Exercise requirements: Leaving out the pictures, please retype each record exactly.
****************
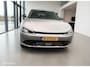Kia EV6 Plus 77.4 kWh | SOH 100% | Silver Mat Metallic | Leder | Stoelventilatie | Camera | NL AUto | Incl BTW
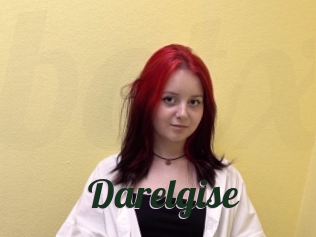 Darelgise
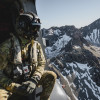 20250512 NZDF Y1036034 014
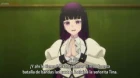 Rock wa Lady no Tashinami deshite episodio 7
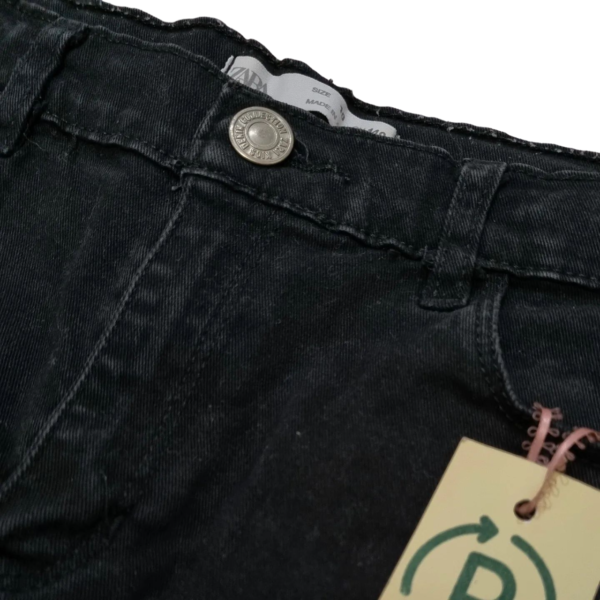 Short Zara - 10 años - Image 3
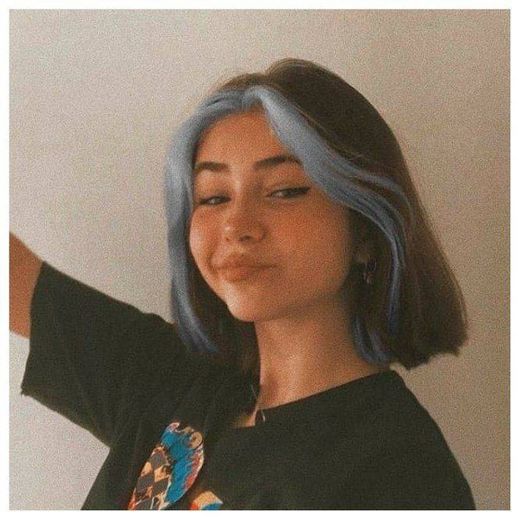 💙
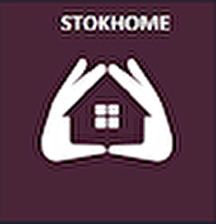 STOKHOME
****************
Finished task:
Kia EV6 Plus 77.4 kWh | SOH 100% | Silver Mat Metallic | Leder | Stoelventilatie | Camera | NL AUto | Incl BTW
 Darelgise
 20250512 NZDF Y1036034 014
 Rock wa Lady no Tashinami deshite episodio 7
 Short Zara - 10 años - Image 3
 💙
 STOKHOME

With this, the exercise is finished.